IUPUI anthropoligist to lead search for ancient coins

Like a detective working a cold case, an Indiana University-Purdue University Indianapolis anthropologist hopes to unravel the mystery of how a handful of coins, some dating back more than 1,000 years, wound up on a remote beach along Australia’s northern coastline.

Armed with a grant from the Australian Geographic Society, Ian McIntosh will lead an expedition in July to the long-abandoned Wessels Islands where the coins were found.

The ancient copper coins have little monetary value, but in archaeological terms are priceless, McIntosh said. The coins may even touch upon the discovery of Australia, as British explorer James Cook is credited with being the first European to have encountered the country’s eastern coastline in 1770.

 The coins raise the possibility of shipwrecks that may have occurred along an early maritime trading route and bring to mind the ancient trading network that linked East Africa, Arabia, India and the Spice Islands over a thousand years ago. Not to mention Aboriginal folklore that speaks of a hidden cave near where the coins were found that is filled with doubloons and weaponry of an ancient era, McIntosh said.

In any case, McIntosh begins his quest for answers with a nearly 70-year-old map where X marks the spot and few other clues about the coins that now reside in a box in the back of a museum in Sydney, because people don’t know what to make of them, he said.

McIntosh, who is Australian, will be returning to the area where he lived for several years while working on his Ph.D.
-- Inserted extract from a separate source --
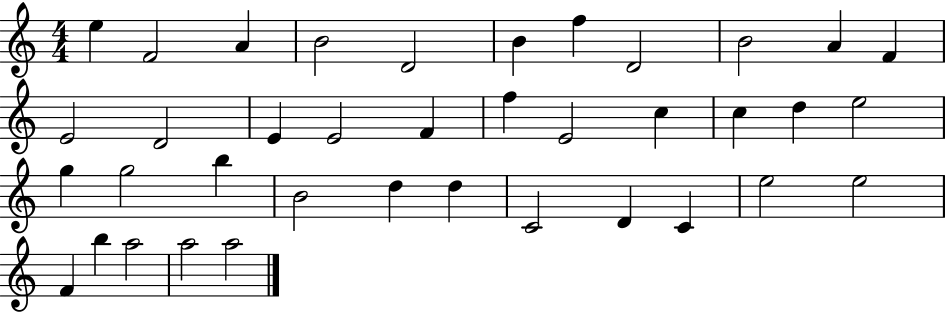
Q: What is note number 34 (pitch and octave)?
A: F4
The coins were found in 1944 by Maurie Isenberg, an Australian solder assigned to a forward radar station at Jensen Bay on the Wessel Islands. One day, while fishing in his spare time, he spotted several coins in the sand. Having little interest in coins at the time, he placed them in an airtight tin, where they remained until 1979 when he sent the coins off to have them identified.

Shortly after finding the coins, Isenberg drew an X on a map of the area that had been drawn by another soldier. McIntosh now possesses that map.

Four of the coins were identified as Dutch East India Company coins, with one dating back to 1690. The other five coins, dating from the 900s to 1300s, were African coins from the once flourishing Kilwa sultanate, now a World Heritage ruin located south of Zanzibar in Tanzania. The copper coins, the first to be produced in sub-Saharan Africa, were never in use beyond the immediate locality of East Africa and only one has ever been found elsewhere, and that was in Oman.

 How and why do five Kilwa coins find their way to the Australian Outback? McIntosh said he believes an archaeological site survey, which has never been done, and an excavation will begin to answer those questions.

In partnership with the senior Aboriginal custodians for the Wessel Islands, McIntosh’s team, comprised of Australians and Americans, will include an historian, anthropologist, archaeologist and a geomorphologist, as well as Aboriginal rangers. They will survey the site where the coins were found, with a view to applying for an excavation permit from the relevant heritage authorities and planning the logistics of the excavation. The initial work to be done includes site surveys, mapping, recording, soil testing, and coastal erosion analysis.

There are so many unanswered questions with regards to the discovery of the African coins, McIntosh said. “Multiple theses have been put forward by noted scholars and the major goal is to piece together more of the puzzle. Is a shipwreck involved? Are there more coins? All options are on the table but only the proposed expedition can help us answer some of these perplexing questions.”